# [Given data]

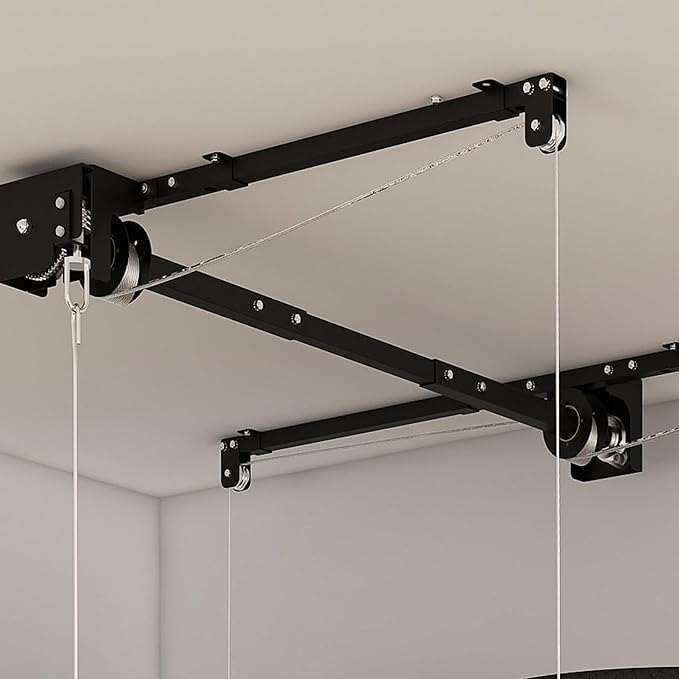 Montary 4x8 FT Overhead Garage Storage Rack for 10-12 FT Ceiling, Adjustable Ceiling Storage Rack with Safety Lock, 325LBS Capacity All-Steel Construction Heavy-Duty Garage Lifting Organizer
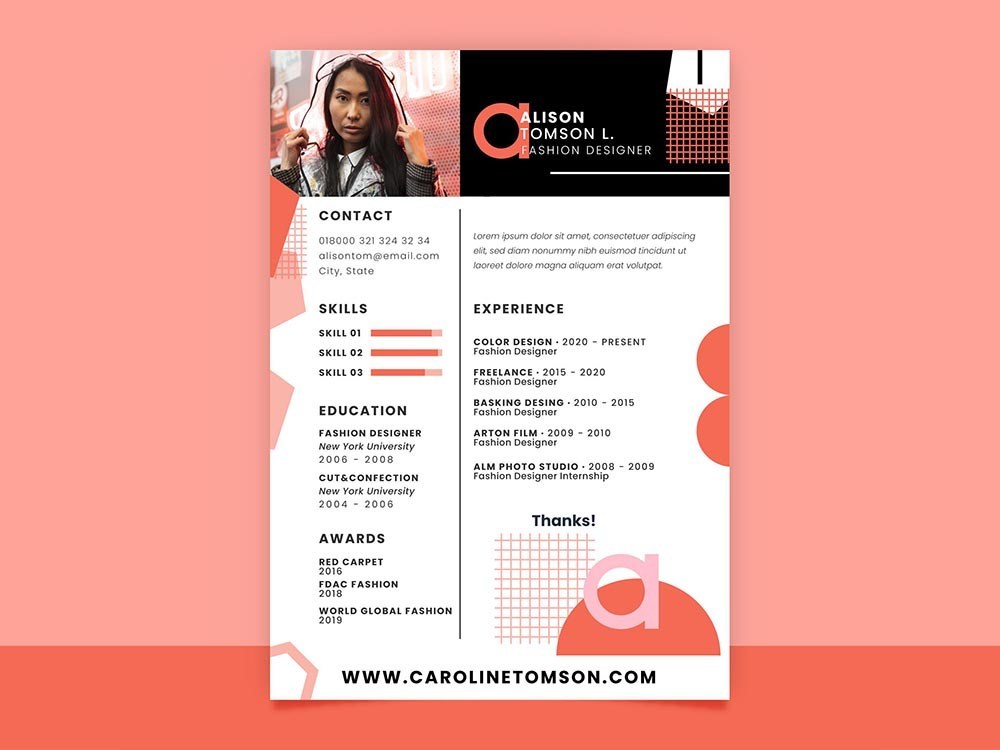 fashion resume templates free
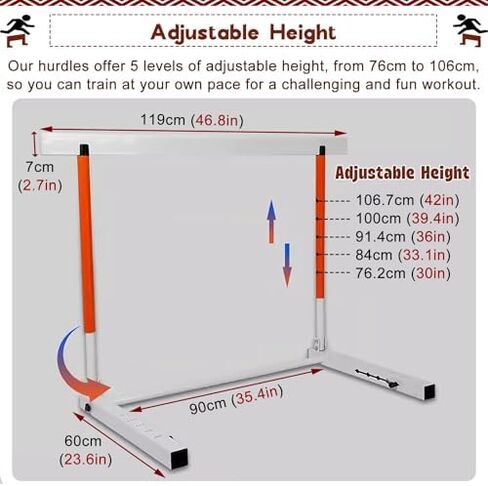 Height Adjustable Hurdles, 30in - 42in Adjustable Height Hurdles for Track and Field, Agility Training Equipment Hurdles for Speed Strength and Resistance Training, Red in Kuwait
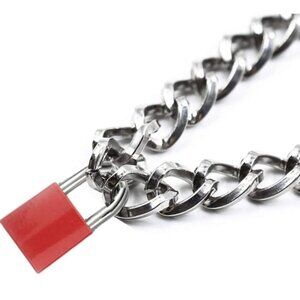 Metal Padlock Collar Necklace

---

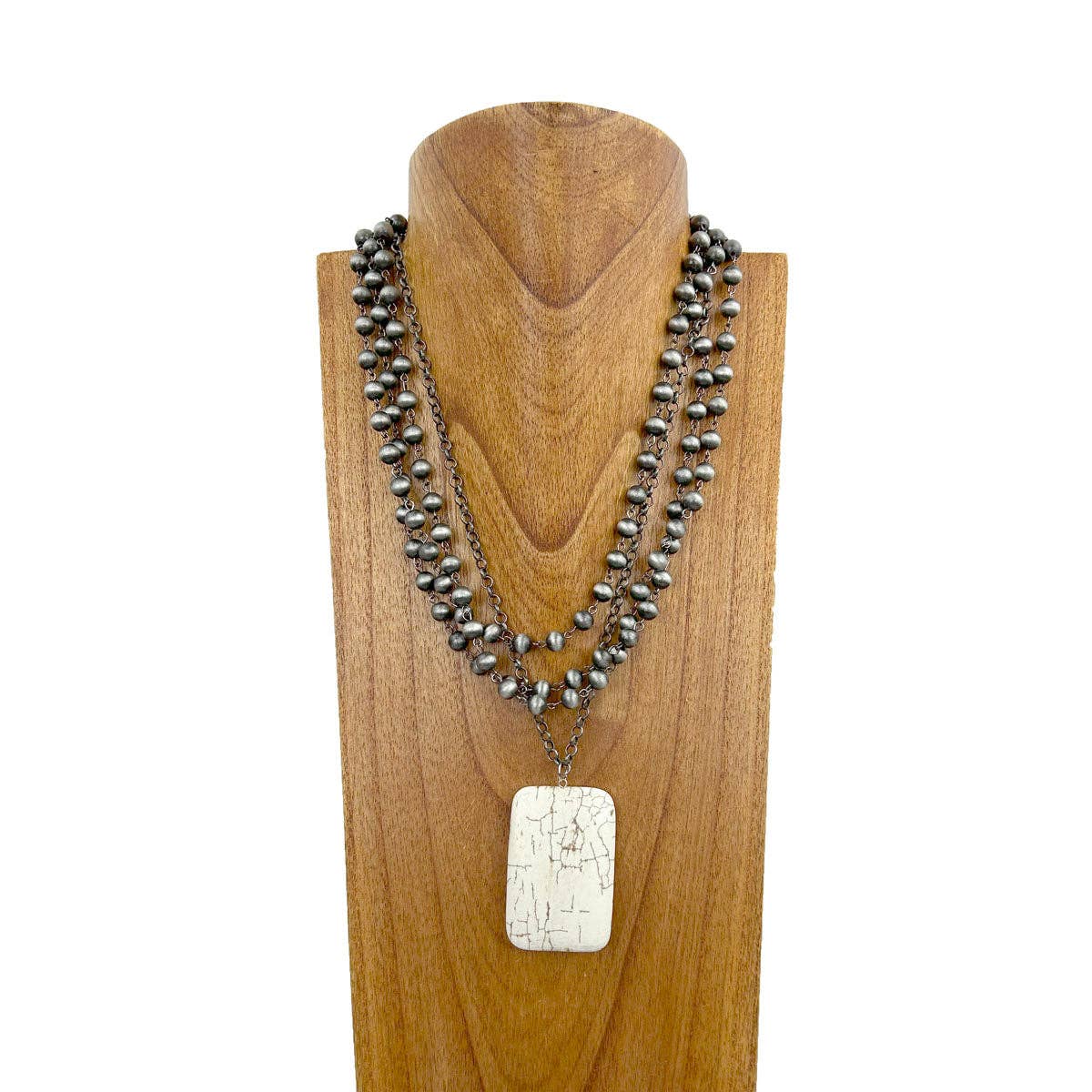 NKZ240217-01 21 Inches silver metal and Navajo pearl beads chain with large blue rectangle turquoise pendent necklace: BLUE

# [What the exercise asks]
Range to copy from the records above: the line containing "Height Adjustable Hurdles, 30in" to the line containing "Metal Padlock Collar Necklace", both included. Output those lines exactly and only those, skipping pictures.

# [Response to the task]
 Height Adjustable Hurdles, 30in - 42in Adjustable Height Hurdles for Track and Field, Agility Training Equipment Hurdles for Speed Strength and Resistance Training, Red in Kuwait
 Metal Padlock Collar Necklace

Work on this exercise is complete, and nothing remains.